__SOURCE MATERIAL__
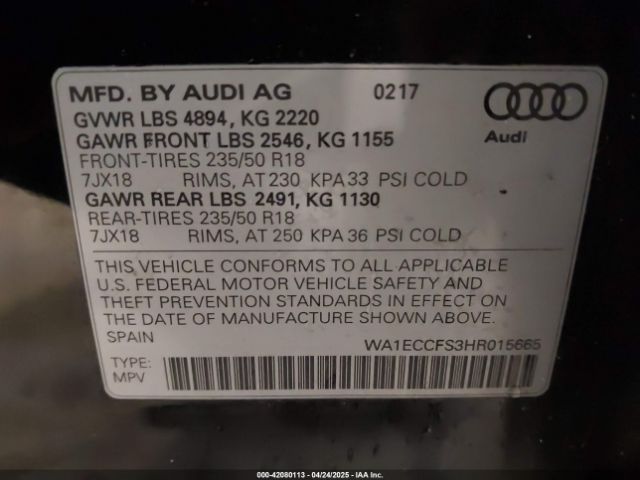 WA1ECCFS3HR015665 Audi Q3 2.0t Premium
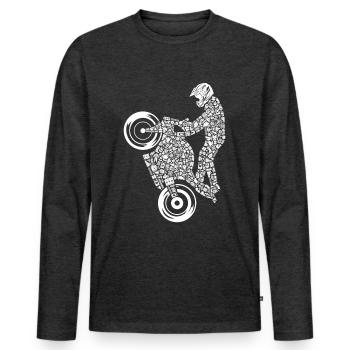 Moto de course Moto Moto Rider Machine de course pour hommes - T-shirt manches longues Premium bio Homme - anthracite chiné - Devant - Nico (187cm)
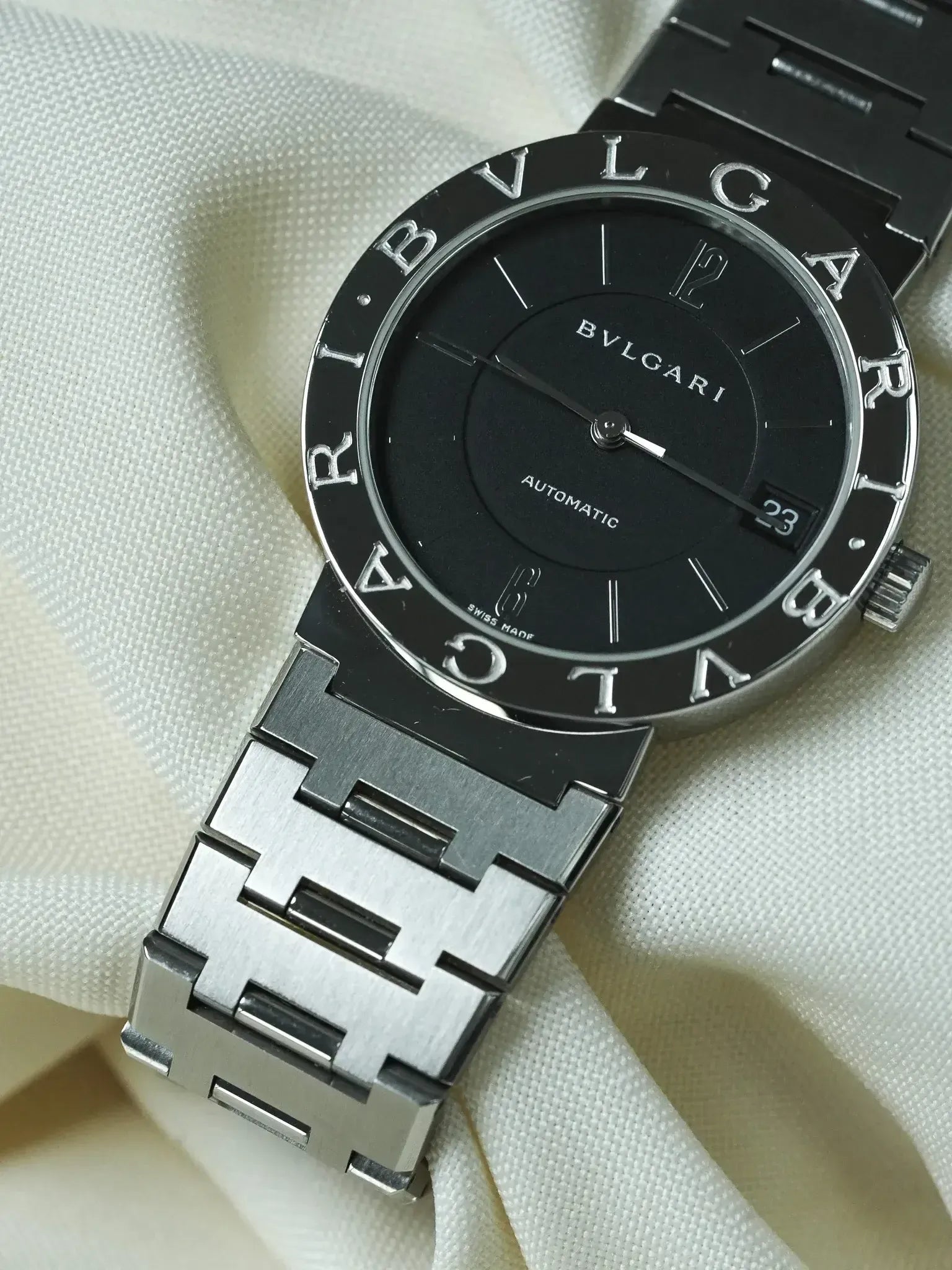 Montre Bvlgari Diagono BB33SS Acier (Années 2000) – Automatique & Cadran Noir - Atelier Victor
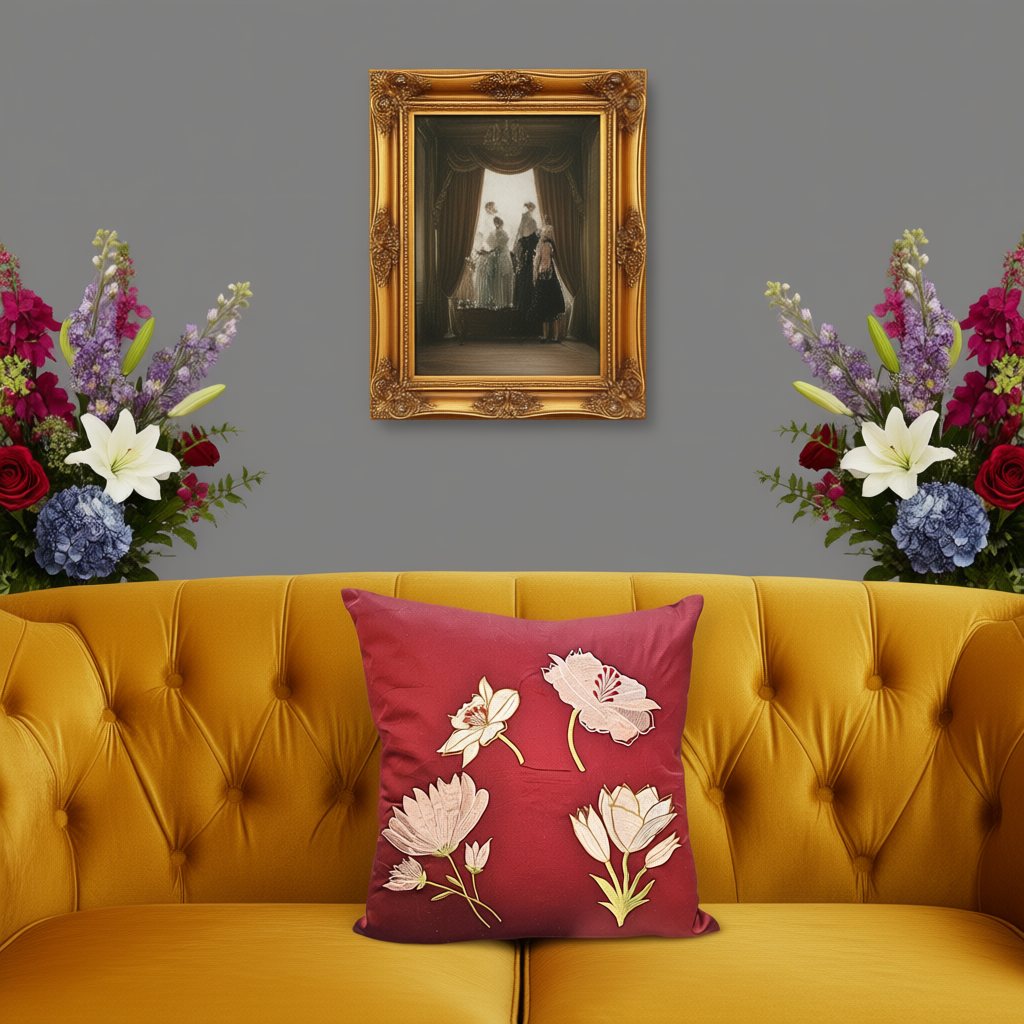 Blossoms embroidered Mehroon cotton silk Cushion Cover | 16x16 inch cushion covers| floral embroidery | pack of 1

__EXERCISE__
Copy out all the data exactly; skip the pictures.

__RESPONSE AREA__
 WA1ECCFS3HR015665 Audi Q3 2.0t Premium
 Moto de course Moto Moto Rider Machine de course pour hommes - T-shirt manches longues Premium bio Homme - anthracite chiné - Devant - Nico (187cm)
 Montre Bvlgari Diagono BB33SS Acier (Années 2000) – Automatique & Cadran Noir - Atelier Victor
 Blossoms embroidered Mehroon cotton silk Cushion Cover | 16x16 inch cushion covers| floral embroidery | pack of 1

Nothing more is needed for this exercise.